--- Data provided Enclosed Below ---

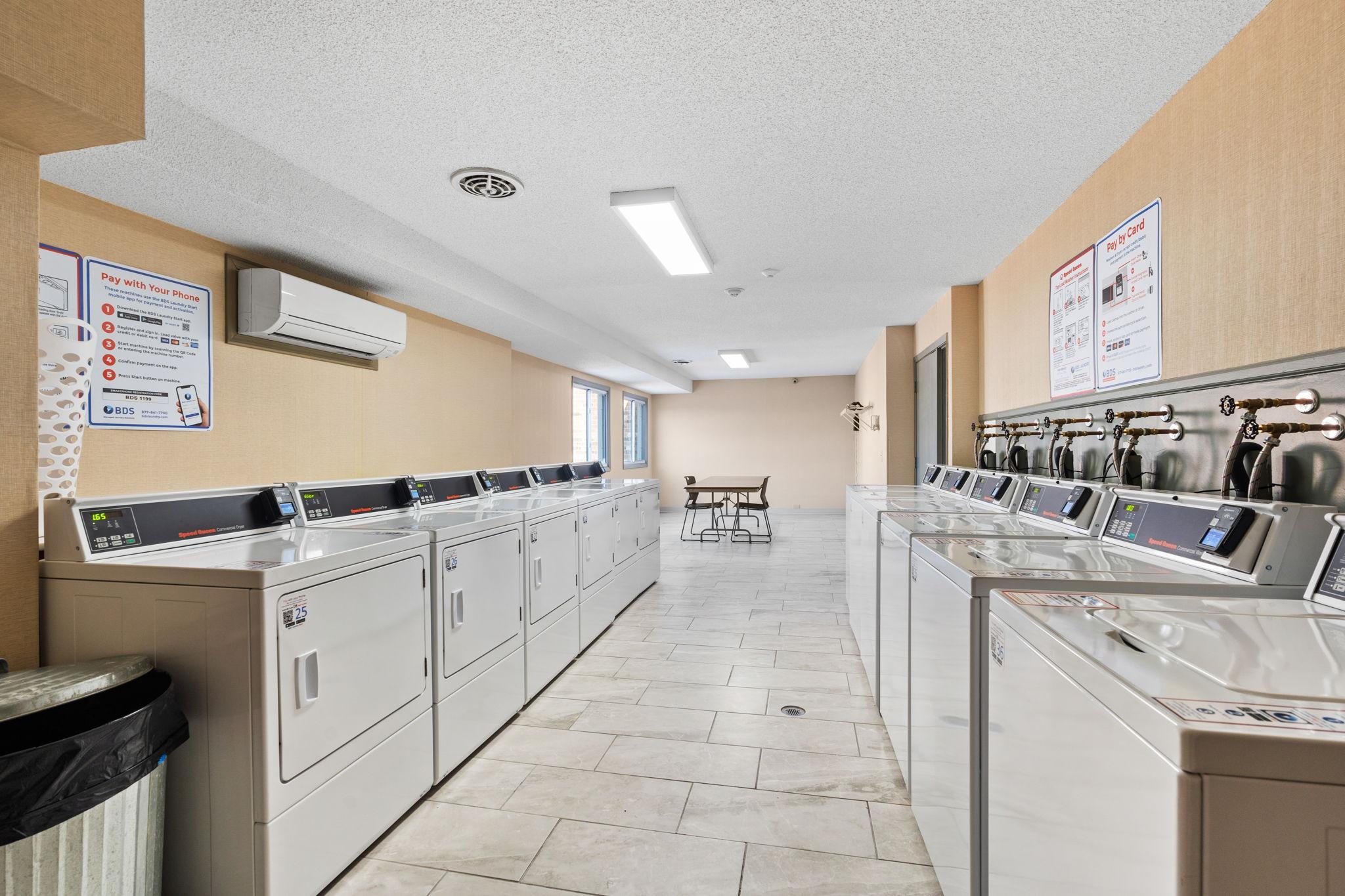 1601 N Innsbruck Drive Unit: 301NE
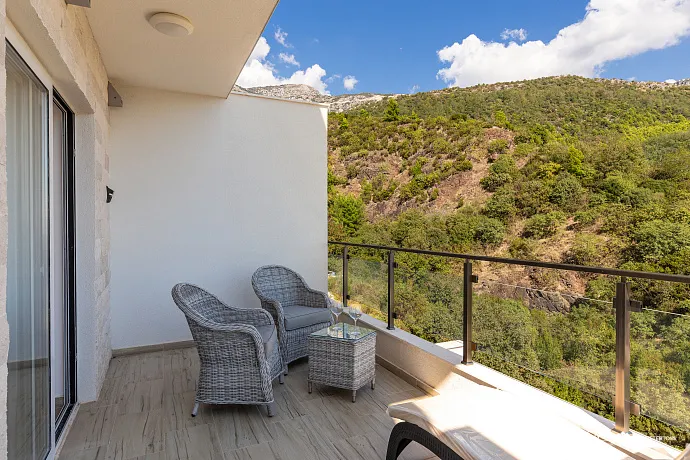 Luxury Two-Bedroom Apartment 66 m² with Panoramic Sea View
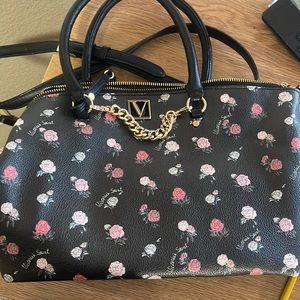 victoria secret purse $10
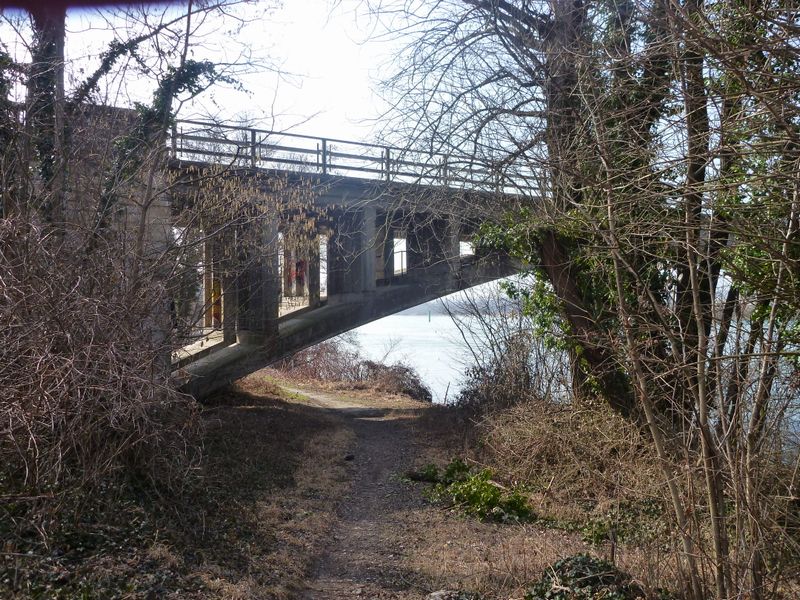Gr65 sous le pont de la Loi à Culoz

--- End of Enclosed Data provided ---

Work task:
Pictures stay out; reproduce exactly the lines from the one containing "Luxury Two-Bedroom Apartment" through the last line of the listing, both included.

Output for this task:
 Luxury Two-Bedroom Apartment 66 m² with Panoramic Sea View
 victoria secret purse $10
Gr65 sous le pont de la Loi à Culoz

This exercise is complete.